Kant distingue entre el «uso
público» y el «uso privado» de la razón. Si hemos de creer en el simple buen
sentido, privado significa reservado para uno mismo, mientras que lo público es
aquello destinado al prójimo. Pero el buen sentido y Kant no son la misma cosa.
El uso público kantiano cubre únicamente el uso restringido a la comunidad de
los lectores y, por lo tanto, el uso semiprivado, a juzgar por la abundancia de
lectores con que cuentan los filósofos… El uso privado, por su parte, definía,
no el círculo restringido, sino el campo de lo que —en términos contemporáneos—
se llama el funcionario: el titular de un «cargo civil». Y, sobre este punto,
Kant no admite ninguna tergiversación: un funcionario «en su condición de tal,
no tiene derecho a razonar».
Una vez operado ese quiasma, el
filósofo reduce el uso de la razón a fines elitistas, en otras palabras, a la
comunidad filosófica, pero de ningún modo al pueblo o a la mayoría. Postura
clásica del siglo XVIII, cuando nadie siente simpatía por el populacho.

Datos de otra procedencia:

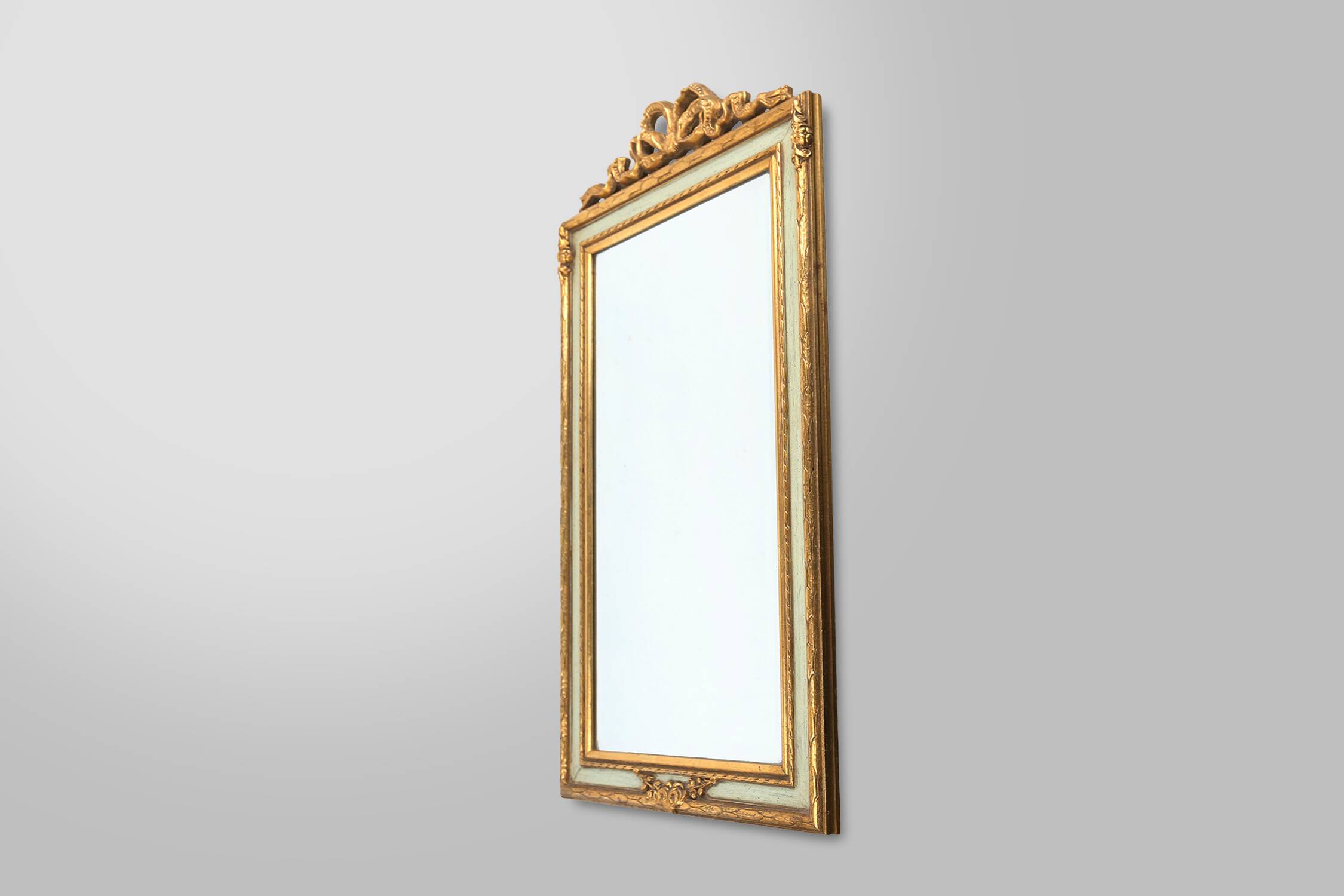 Classic baroque rococo mirror, romantically decorated 18th century style frame, France 1950s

Permanezcamos entre nosotros… En ese mismo espíritu, Kant prohíbe el uso de la
razón a los empleados del estado o de la religión. El militar, el profesor, el
sacerdote, el financiero pueden pues pensar lo que quieran, escribirlo para
comunicarlo e intercambiar ideas con sus colegas, pero en todos los casos,
incluidos y sobre todo los casos de duda, de incertidumbre, de cuestionamiento,
deben obedecer a su jerarquía. (En uno de sus Propósitos, Alain [Émile-August Chartier], como buen discípulo,
formula la misma idea invitando a «obedecer resistiendo», posición filosófica
que, concretamente, llevó a este antimilitarista pacífico a alistarse para
combatir en la primera guerra mundial…). Federico II fascinaba al pensador
prusiano hasta el punto de tomarle en préstamo una fórmula: «Razonad cuanto
queráis y sobre todos los temas que os plazca, pero obedeced». He aquí la
endeble claridad de la versión kantiana de la Ilustración…

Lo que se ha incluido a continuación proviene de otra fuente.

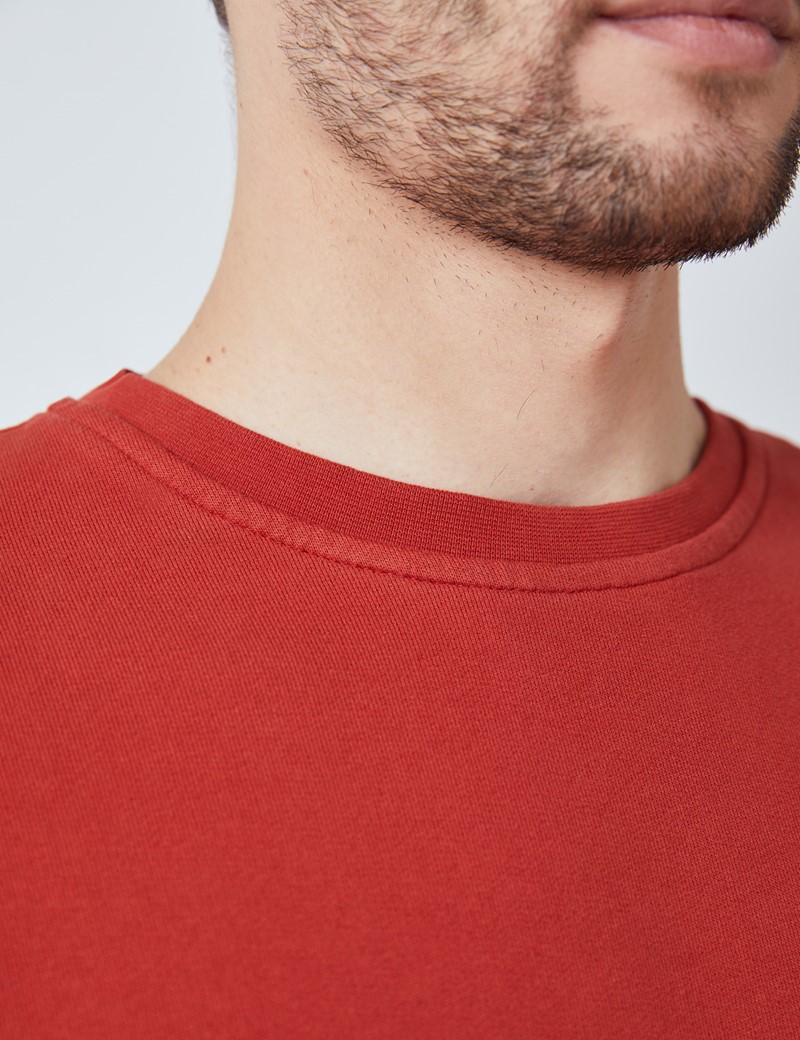 Rundhals Lounge Sweatshirt – Garment Dye – Bio-Baumwolle – Rost-Orange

En la Doctrina del derecho, Kant escribe: «Obedeced a la autoridad que
tiene poder sobre vosotros». Poco importa de qué modo alcanzó el poder o fue
legitimada esa autoridad, aun cuando proceda de la ilegalidad. En ese texto de
1796, el prusiano está pensando en los momentos violentos de la Revolución
Francesa, particularmente en la decapitación de Luis XVI, acto que reprueba
absolutamente. El Directorio gobierna la Francia republicana del Año IV y,
aunque descienda en línea recta de un regicidio ilegal, hay que someterse a su
ley.
El mismo Kant prohíbe que el
pueblo se resista a los «abusos» y lo «insoportable» cometido por un tirano.
Leamos este texto terrible:
El principio del deber que tiene
el pueblo de soportar el abuso del poder supremo, aun cuando resulte
insoportable, consiste en que su resistencia contra la legislación suprema
nunca puede alcanzar la ilegalidad y mucho menos terminar anulando toda la
constitución legal[7].
En ocasiones bien puede ser
necesario modificar la Constitución (mala) del estado, pero el único que puede
efectuar esa modificación es el soberano mismo mediante una reforma; nunca
puede hacerlo el pueblo, mediante una revolución…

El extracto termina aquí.